# Correlation

Correlation is the measure of the relationship between two entites or variables.  
Two entitites/variables are said to have positive corellation if both entities/varibles either:  
   1) increase with time  
   2) Decrease with time  
The brightness of a lightbulb is positively correlated to the amount of power supplied to the lightbulb.  
Two entitites/variables are said to have positive corellation if both entities/varibles move in opposite directions with time.  
Number of games played on the a phone is negatively correlated to battery life.  

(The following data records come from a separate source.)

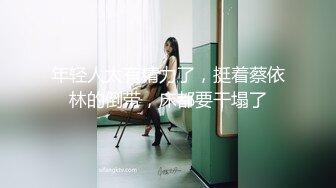 【OnlyFans】小胡渣大屌男友，颜值在线的肉感体态女友[yamthacha]福利合集，蜜桃臀粉穴后入，居家自拍 16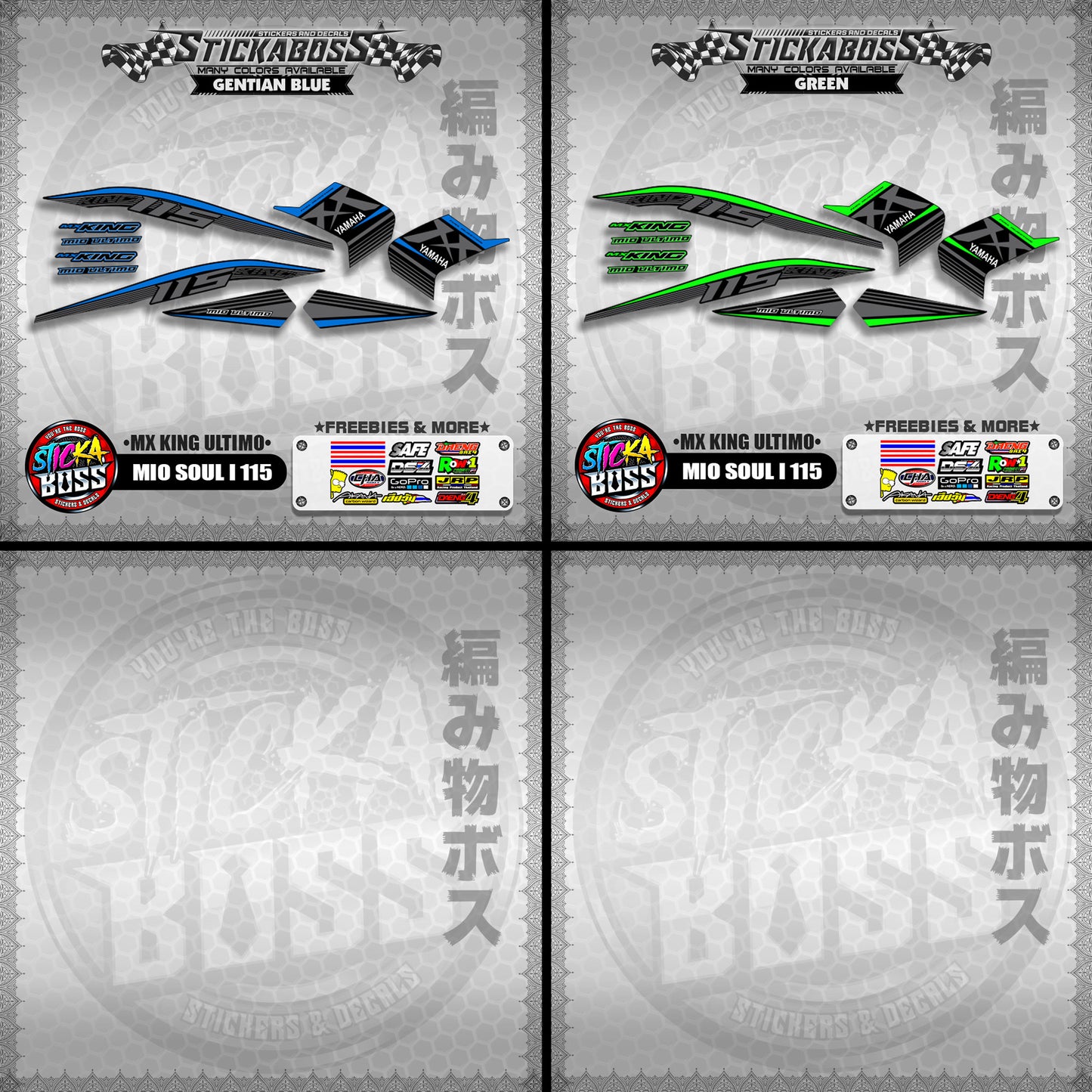 MIO SOUL I 115 STICKER DECALS ( MX KING ULTIMO )【WITH FREEBIES】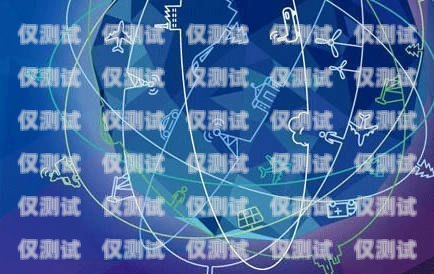 AI 自動外呼系統軟件，提升銷售效率與客戶體驗的利器ai自動外呼系統軟件有哪些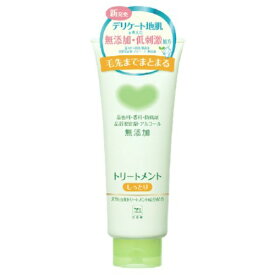 【令和・早い者勝ちセール】カウブランド 無添加 トリートメント しっとり 180g　弱酸性（4901525007276）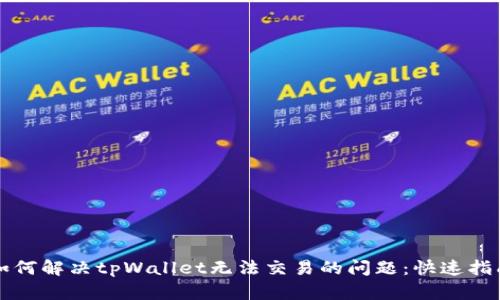如何解决tpWallet无法交易的问题：快速指南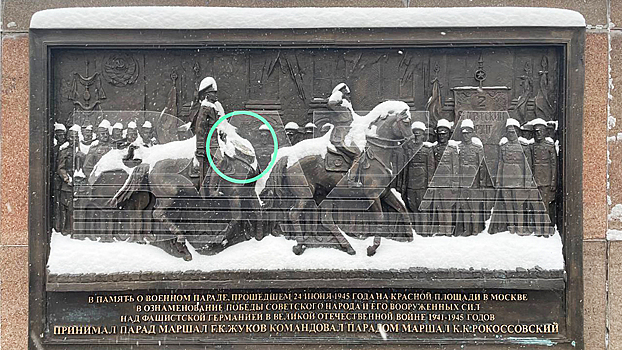 Неизвестный отпилил голову коня на барельефе "Парад Победы" у Красной площади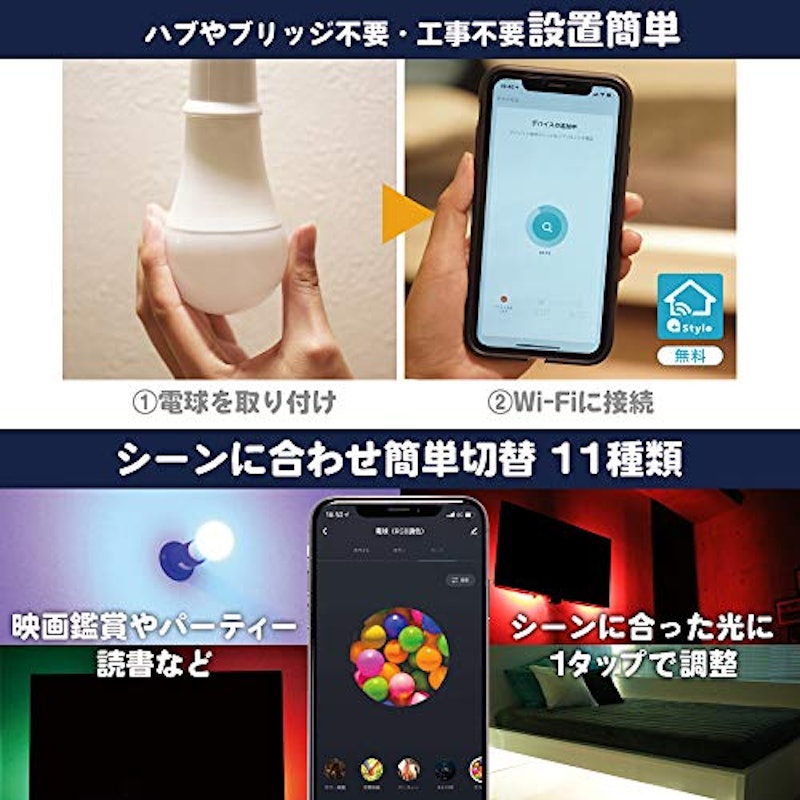 +Style スマートLED電球(RGB調色) 5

A feature of correlation is direction.  
If both variables are increasing, it is referred to that as positive correlation.  
If both variables are decreasing, it is referred to that as negative correlation.  
If both variables do not appear to have discernable pattern (sattered), it is said to have no correlation.


In [None]:
import pandas as pd
import matplotlib.pyplot as pyplot
# from google.colab import files

!ls
# !rm "multichoice_call_volumes.csv"
# uploaded = files.upload()

In [None]:
# This dataset represent the number of complaints a company recieves between
# the hours of 7 a.m. to 10 p.m. from 2015-04-01 to 2018-02-18 among 
# two products they offer.
data = pd.read_csv("multichoice_call_volumes.csv")
data.tail()


In [None]:
 data.dtypes

Convert the Date column to a date object

In [None]:
data.Date = pd.to_datetime(data.Date)
data.Time = data.Time.astype(str) +  ":00"
data.dtypes

In [None]:
data.head()
# data.Time.map(type)

##Correlation Direction
Correlation between two varaible are measured by a correlation cofficient  
Correlation coefficient takes on values between -1 and +1 i.e. -1 < r < 1  

Both sign and magnitude of the correllation coefficent are important

A positive correlation implies 0 < r < 1  
A negative correlation implies -1 < r < 0  
No correlation imples r = 0

To find the correlation between the two products we use the function `pd.corr`


In [None]:
data['product_1'].corr(data['product_2'])

From the correlation coeffiecent value, we can say product_1 and product_2 have a positve correlation.

## Correlation Strength
The closer the correlation coefficient is to 1 the higher the correlation regardless of the the sign  

A perfect positive correlation implies r = ±1.  
A high or strong positive correlation implies ±0.8 < r <= ±1  
A medium positive correlation implies ±0.5 < r <= ±0.8  
A low positive correlation implies r <= ±0.4


In [None]:
data['product_1'][1:6].corr(data['product_2'][1:6])

The above correlation coefficient indicates a high positve correlation between product_1 and product_2

In [None]:
data['product_1'][6:12].corr(data['product_2'][6:12])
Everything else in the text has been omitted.